Childfree : je ne veux pas d’enfant  !

"Tu verras ça finira par venir !"

Sauf que tu ne m'as pas écoutée... Je ne veux pas que ça vienne. Mais toi, je veux bien que tu t'en ailles par contre (Michel Jonasz en PLS). Ou comment faire face à la pression sociale très longtemps intégrée dans nos esprits et dans nos utérus.

50 nuances d'utérus : la place de la femme

La femme, telle qu'elle est perçue par notre société, à savoir l'opposé dudit homme, l'épouse de, la fameuse derrière chacun voire celle qui vient directement d'un misérable fragment d'os de celui-ci... Ce vase, cet utérus, cet ovule prêt à accueillir, réceptionner la vie que le mâle lui donne (je vous jure qu'on me l'a sortie pas plus tard qu'il y a une dizaine de jours). Bien entendu, je ne parle pas DES femmes, car pour cette même société, une femme c'est "ce qui a un vagin, point".

La "femme" c'est avant tout la gentille petite fille, celle qui va jouer avec ses poupées, faire la maman, s'habiller en rose et déjà se faire pousser dans les buissons par les garçons parce qu'elle ne veut pas de bisous. La femme devient cette ado aidante, qui remplace maman pour le dîner quand papa rentre du travail tout en ressentant le regard changeant du paternel en question. C'est cette jeune et "fraîche" adulte qui a le droit de faire des études, mais pas dans n'importe quel secteur, et puis pas trop longtemps non plus, il faut faire attention à l'horloge biologique. Elle perd ensuite son statut de "Mademoiselle" car c'est important de faire la distinction entre un utérus privatisé ou non, en remplaçant la mère de son mari, enfin, en devenant "la femme de". Et d'un coup, ce même utérus va se voir en payer le prix fort une fois, deux fois, trois fois,... autant de fois qu'il faudra pour assurer la conquête génétique de l'un et la,... tiens j'ai un trou de mémoire,... ah, survie, survie de l'espèce ! C'est marrant ce lapsus,... Comme si au fond de moi, je n'y croyais déjà plus. Bref. La femme devenue mère devra aimer. Aimer ses enfants, être la si répandue mère aimante que toute femme est instinctivement (spoiler : c'est faux). Ce fameux instinct maternel brandi sur n'importe quelle pancarte mentale que sortent les militant.es du droit à la vie. Oui mais ma vie à moi justement, on en fait quoi ? Trop d'amour, et de temps, qu'une fois mère, qu'une fois son utérus ne pouvant plus accueillir les trompes grandes ouvertes la dite Vie, il faut qu'elle soit grand-mère, sinon à quoi sert-elle ?

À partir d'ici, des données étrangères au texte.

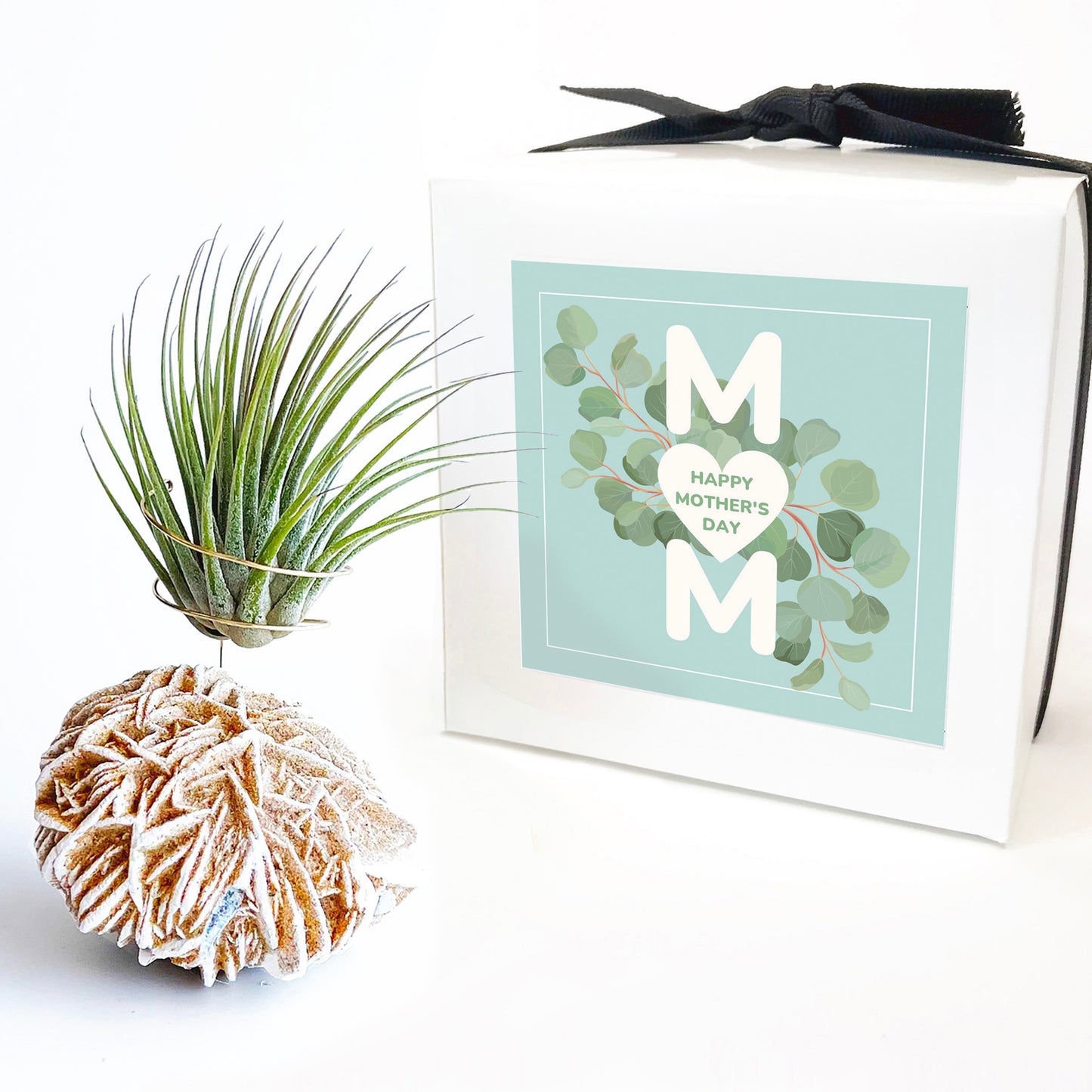 Mother's Day Gift — Desert Rose Air Plant Holder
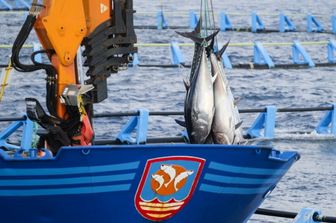 L’Italie et la Libye travaillent à un accord sur les exportations de produits de la pêche vers les marchés européens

Une femme ne fait que vivre la vie d'autres femmes. Celle qu'elle doit devenir, celle de sa mère, celle qu'on veut épouser, celle de la mère de l'autre, de ses enfants, de ses petits-enfants. Elle devra passer le reste de la sienne dans le deuil, à attendre de finir poussière pour être balayée de l'histoire et finir dans une urne,... utérus symbolique ?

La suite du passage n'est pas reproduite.